DESCRIPTION OF THE TASK —
When you reach the line with "#ハワイ大好き #ハワイグルメ #美味しいハワイ" in the records below, begin transcribing exactly and continue up to and including the line with "2424 North Southport Avenue Chicago IL 60614", leaving out every picture.

Start of MATERIAL TO PROCESS

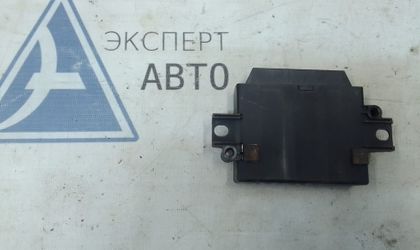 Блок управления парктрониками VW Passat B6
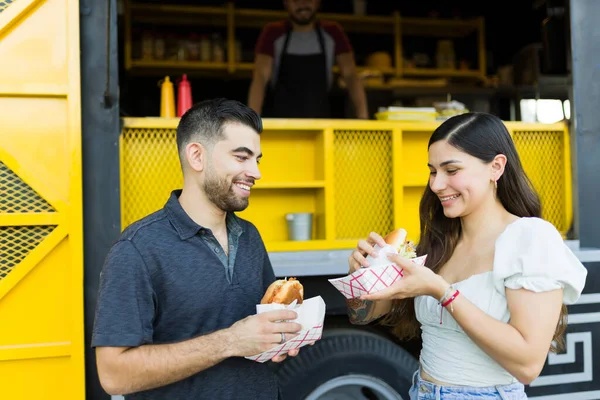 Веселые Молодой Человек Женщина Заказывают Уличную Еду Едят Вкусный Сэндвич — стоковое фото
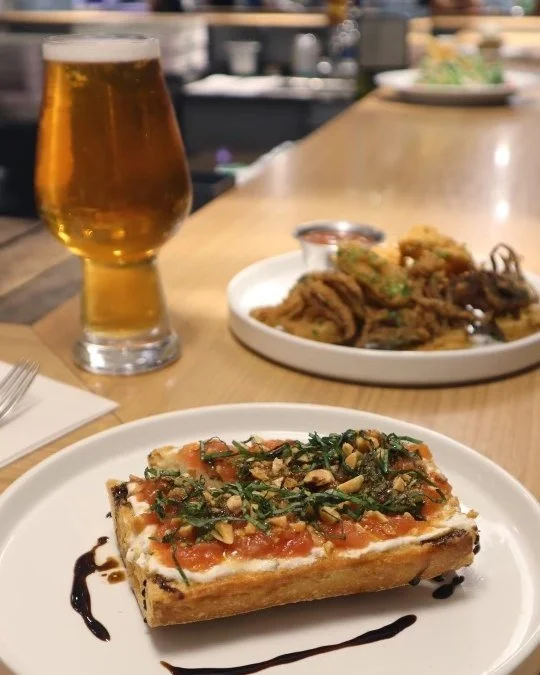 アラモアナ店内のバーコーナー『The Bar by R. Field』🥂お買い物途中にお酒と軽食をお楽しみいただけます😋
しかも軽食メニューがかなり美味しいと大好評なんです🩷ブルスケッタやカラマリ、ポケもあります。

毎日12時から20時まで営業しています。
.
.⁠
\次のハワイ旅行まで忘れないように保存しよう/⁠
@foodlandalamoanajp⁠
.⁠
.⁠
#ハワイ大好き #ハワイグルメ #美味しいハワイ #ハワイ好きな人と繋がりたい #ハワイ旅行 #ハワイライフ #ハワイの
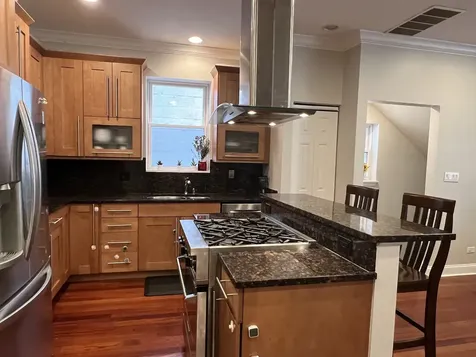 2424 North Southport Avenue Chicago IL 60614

End of MATERIAL TO PROCESS
Start of MATERIAL TO PROCESS

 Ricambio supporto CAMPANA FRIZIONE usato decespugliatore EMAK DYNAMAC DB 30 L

End of MATERIAL TO PROCESS
Start of MATERIAL TO PROCESS

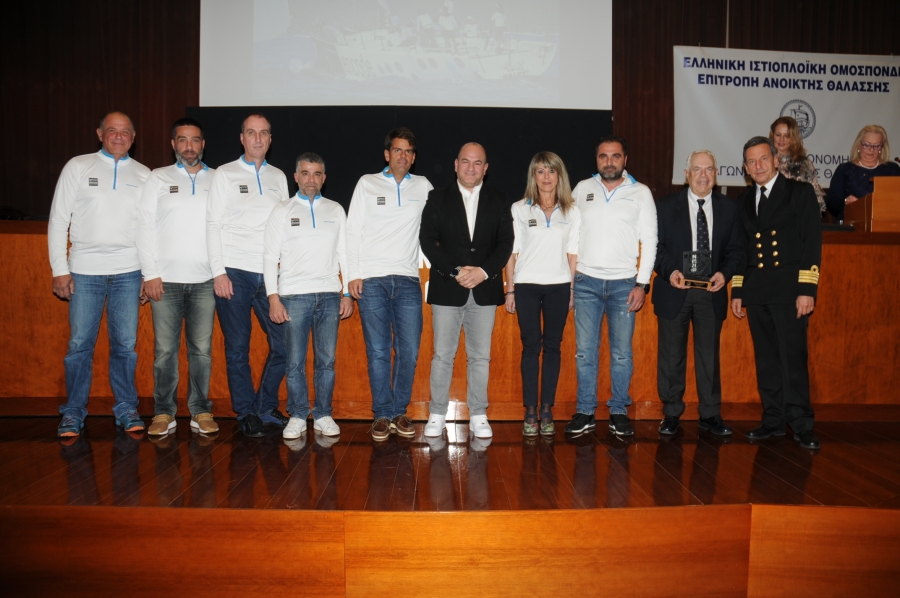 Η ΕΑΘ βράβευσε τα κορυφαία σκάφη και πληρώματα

End of MATERIAL TO PROCESS

REPLY —
#ハワイ大好き #ハワイグルメ #美味しいハワイ #ハワイ好きな人と繋がりたい #ハワイ旅行 #ハワイライフ #ハワイの
 2424 North Southport Avenue Chicago IL 60614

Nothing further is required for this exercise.